The activity of federal reporting highlights the misalignment of priorities among the various programs that purport to have the same purpose of employment and re-employment. Collecting data is one of the most administratively expensive activities the recipients of the federal grants must perform. Congress is often prescriptive in what is important and what it wishes to know about those using the funding. Federal regulation often makes the situation worse based on how the regulation expects the federal reporting to function. For example, TANF financial assistance measures and reports process, not outcomes. The lack of focus on outcomes makes the program less about the need to help parents find and retain work and more about the need to assure that parents are active in prescribed activities. Any of the data reported that is an actual positive outcome for a customer may matter to the State but it does not relate to how the data is reported and framed to Congress.

[...]

Recommendation:

Allow waivers where the measurement of employment is the primary reportable data to the federal government and allow Utah to expand the definitions of priority activities from the current narrow definitions of countable hours and provide relief from the prescriptive verification processes. The expectation to participate fully in specific activities leading to employment is not the issue. Full engagement is a powerful process that can lead to work. It is the narrow definitions of what counts and the burdensome documentation and verification processes that are not helpful. [Utah Department of Workforce Services, 7/24/11, via The Huffington Post]

Republican-Led Nevada: State Wants Waivers That Would Increase TANF's Accountability. From a letter to the federal government from the Nevada Department of Health and Human Services:

Nevada is very interested in working with your staff to explore program waivers that have the potential to encourage more cooperative relationships among the state agencies engaged in economic stimulus through job creation, employment skill attainment and gainful employment activities.
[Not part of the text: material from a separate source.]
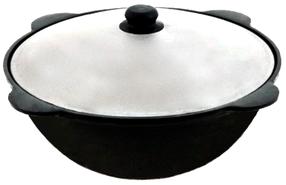 Kazans DM Grill Uzbek Cauldron K006, 33 cm x 33 cm, 8 l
Nevada is also interested in exploring performance measures that ensure program accountability and also increase the probability of families becoming self-sufficient by providing meaningful data as to the services or combination of services with the best outcomes. [Nevada Department of Health and Human Services, 8/2/11, via The Huffington Post]

HHS Announces It Will Consider Granting Waivers For States Trying To Document Work More Effectively

HHS Memo: “HHS Will Only Consider Approving Waivers” That Lead To “More Effective Means Of Meeting The Work Goals Of TANF.” In a July 12 memo, HHS announced that it would be changing the process by which states can apply for waivers from certain parts of TANF. The memo states that HHS will grant waivers to states to give them flexibility in creating programs that meet TANF's work requirements. The memo also states that HHS will only approve waivers that “make changes intended to lead to more effective means of meeting the work goals of TANF.” [HHS.gov, 7/12/12]
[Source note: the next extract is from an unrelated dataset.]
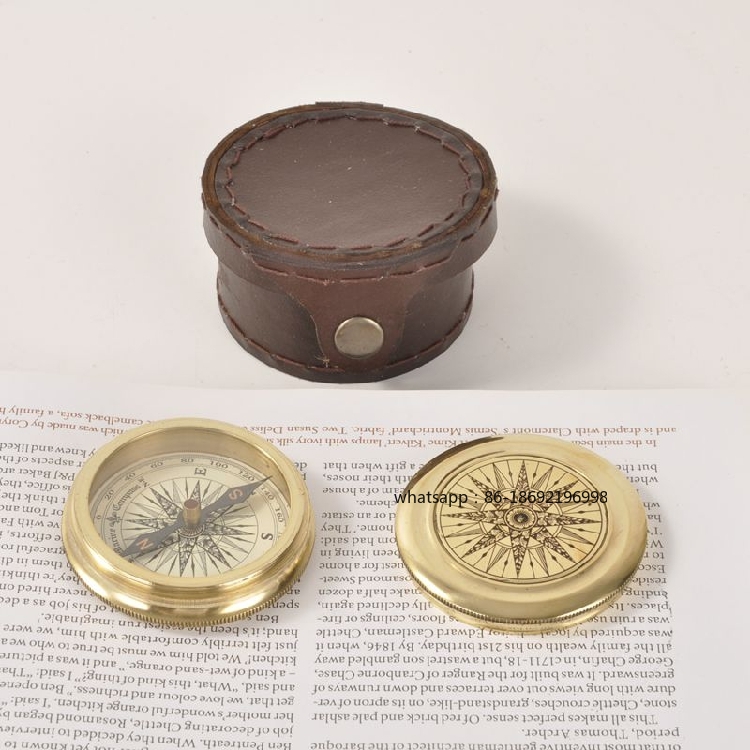 Indyjski importowany kompas z  – Collectible Vintage Tools recenzja i cena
HHS Official: “Waivers That Weaken Or Undercut Welfare Reform Will Not Be Approved.” From a statement by George Sheldon, acting assistant secretary for HHS' Administration for Children and Families:

When the Temporary Assistance to Needy Families (TANF) program was established as part of welfare reform in the 1990s, it was intended to give states flexibility to design effective programs to help parents move from welfare to work. Today, however, Federal rules dictate mind-numbing details about how to run a welfare-to-work program. Most States and experts agree that these aren't helpful.

Here's one example: under current TANF rules, many states report that their caseworkers are spending more time complying with federal documentation requirements than helping parents find jobs. We need state workers spending less time filling out data reports and more time helping parents find employment.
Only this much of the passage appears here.